BEGIN MATERIAL TO PROCESS

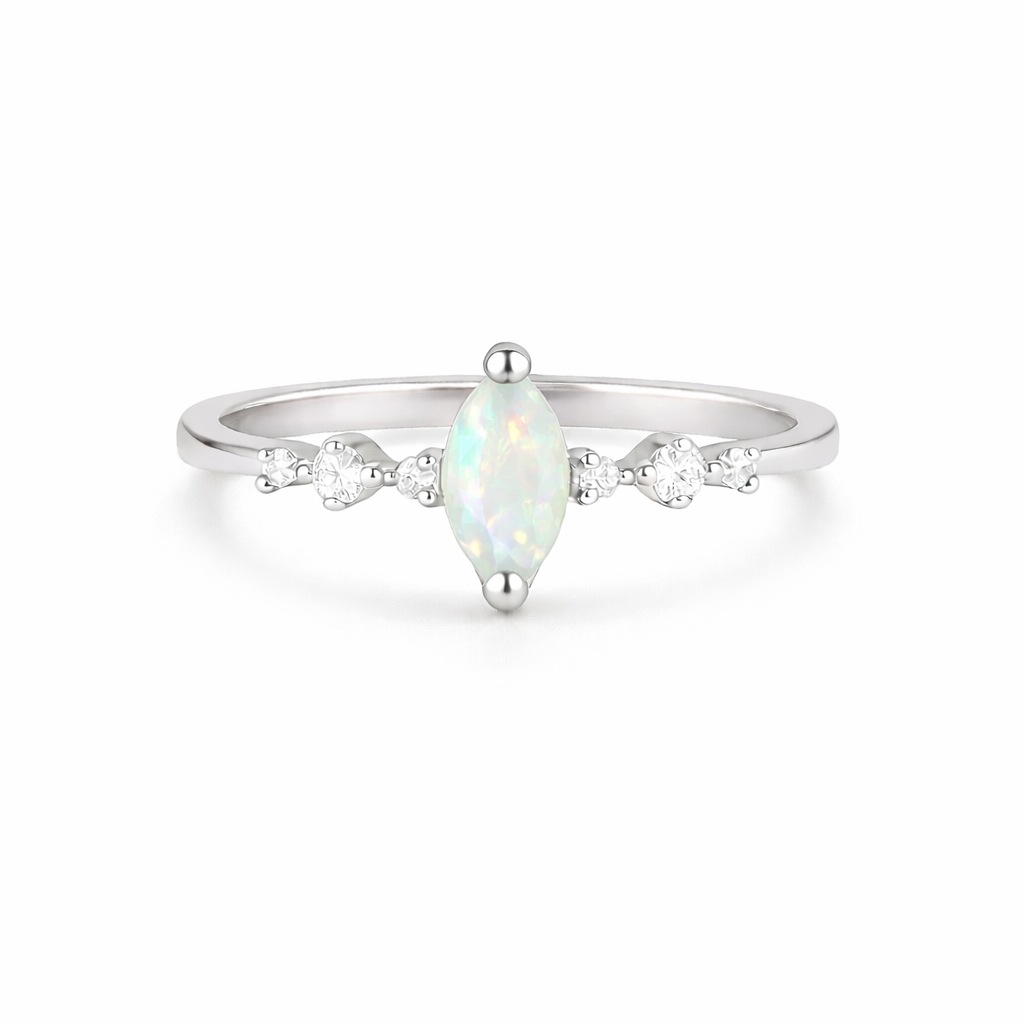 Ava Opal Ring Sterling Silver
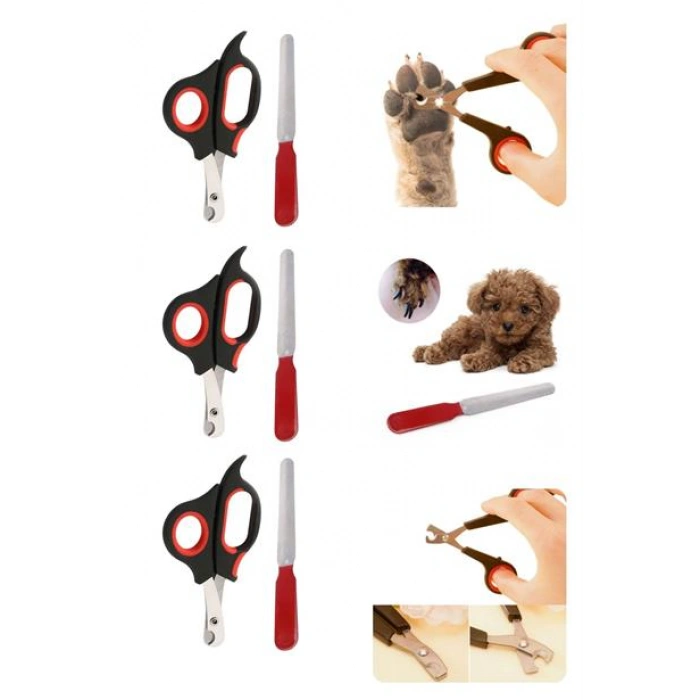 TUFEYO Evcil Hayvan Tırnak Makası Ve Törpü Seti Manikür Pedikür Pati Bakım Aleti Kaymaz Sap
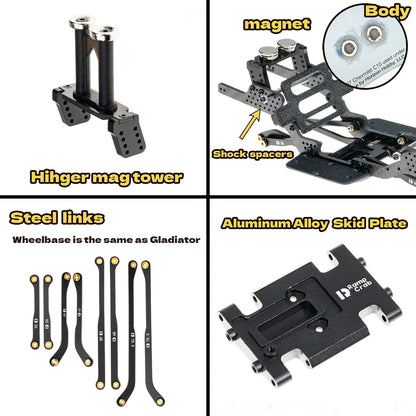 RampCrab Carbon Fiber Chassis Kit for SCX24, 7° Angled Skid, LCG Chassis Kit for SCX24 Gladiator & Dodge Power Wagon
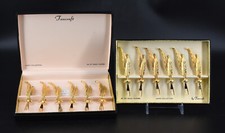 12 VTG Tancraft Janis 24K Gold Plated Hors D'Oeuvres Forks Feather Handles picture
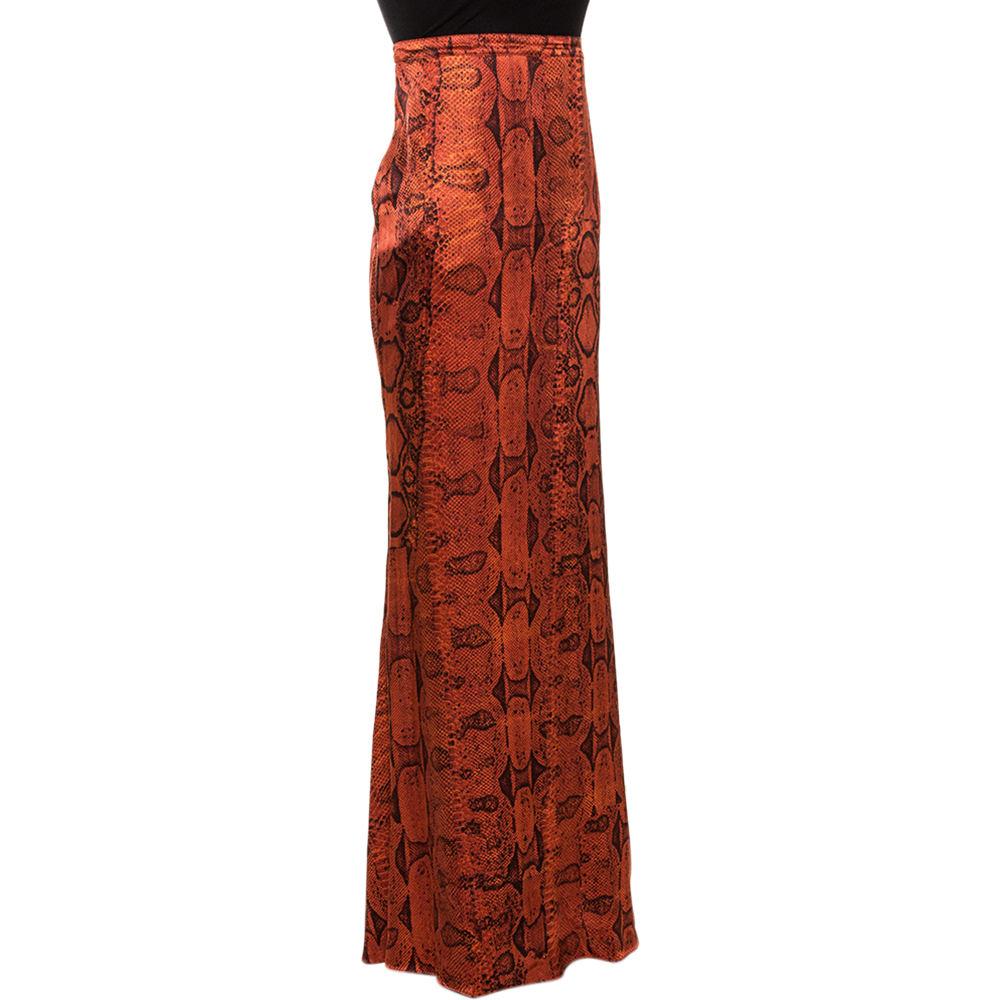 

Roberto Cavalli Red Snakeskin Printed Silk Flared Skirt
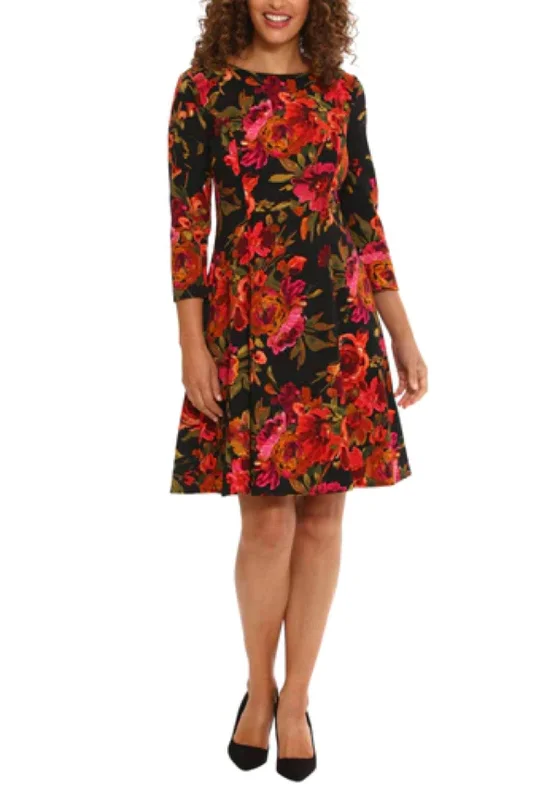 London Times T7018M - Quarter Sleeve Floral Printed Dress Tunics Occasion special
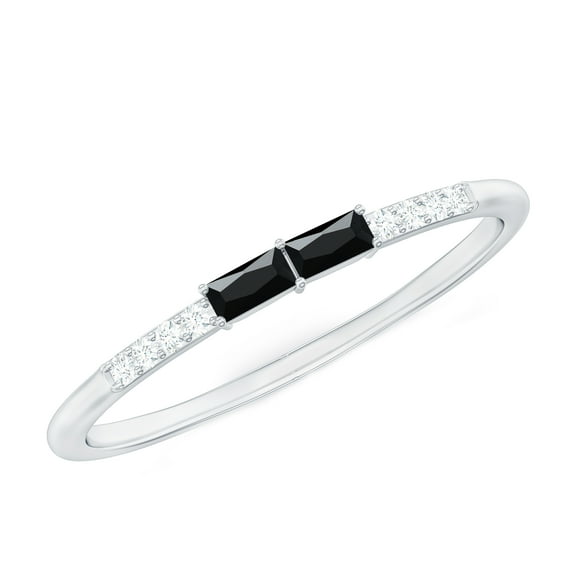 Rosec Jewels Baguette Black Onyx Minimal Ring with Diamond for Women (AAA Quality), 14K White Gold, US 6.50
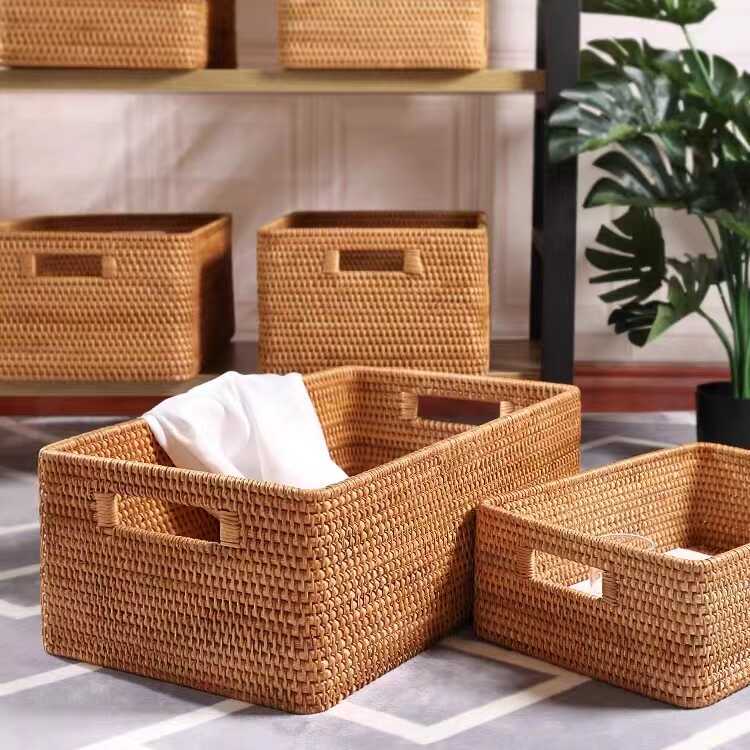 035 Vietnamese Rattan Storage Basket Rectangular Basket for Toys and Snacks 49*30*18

END MATERIAL TO PROCESS

YOUR TASK:
Only the lines from the one that holds "London Times T7018M" through the final line of the material should be reproduced, word for word, with the pictures omitted.

SOLVED PROBLEM:
 London Times T7018M - Quarter Sleeve Floral Printed Dress Tunics Occasion special
 Rosec Jewels Baguette Black Onyx Minimal Ring with Diamond for Women (AAA Quality), 14K White Gold, US 6.50
 035 Vietnamese Rattan Storage Basket Rectangular Basket for Toys and Snacks 49*30*18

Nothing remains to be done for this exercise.